User: “What is the company’s policy on working from home?”
Retrieval Step:
- The user’s question is embedded into a vector.
- This vector is used to query the chroma_db (vector database).
- The vector database returns the top k (e.g., 4) most similar document chunks from your stored policy documents (e.g., paragraphs from the “Remote Work Policy” document).
Augmentation Step:
- The original question and the retrieved document chunks are combined into a single prompt: “You are a helpful assistant for answering questions about company policies. Use the following context to answer the question. If you don’t know the answer based on the provided context, simply state that you don’t know, and do not make up an answer.[Retrieved chunk 1: “Employees are eligible for remote work…”] [Retrieved chunk 2: “Approval process for remote work involves…”] [Retrieved chunk 3: “Equipment provided for remote setups…”]What is the company’s policy on working from home?”
Generation Step:
- This augmented prompt is sent to the LLM (e.g., GPT-3.5-turbo).
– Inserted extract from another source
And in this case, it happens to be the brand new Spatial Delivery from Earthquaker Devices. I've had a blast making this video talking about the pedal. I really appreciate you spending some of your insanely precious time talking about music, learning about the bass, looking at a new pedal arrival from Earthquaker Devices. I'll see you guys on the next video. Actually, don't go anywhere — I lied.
- The LLM uses its general language understanding capabilities, combined with the specific context provided, to generate an accurate and relevant answer about the company’s remote work policy.
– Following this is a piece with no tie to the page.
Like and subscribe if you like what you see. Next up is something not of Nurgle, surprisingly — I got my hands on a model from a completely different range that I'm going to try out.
Output: The LLM provides the answer to the user.

Conclusion

By combining the powerful generative capabilities of LLMs with the precise, up-to-date information retrieval of RAG, you can build highly effective and domain-specific AI applications. This tutorial provides a foundational understanding and practical steps to get started. Remember, continuous testing, iteration, and updating your knowledge base are key to maintaining a valuable and reliable custom AI solution. Good luck with your AI development endeavors!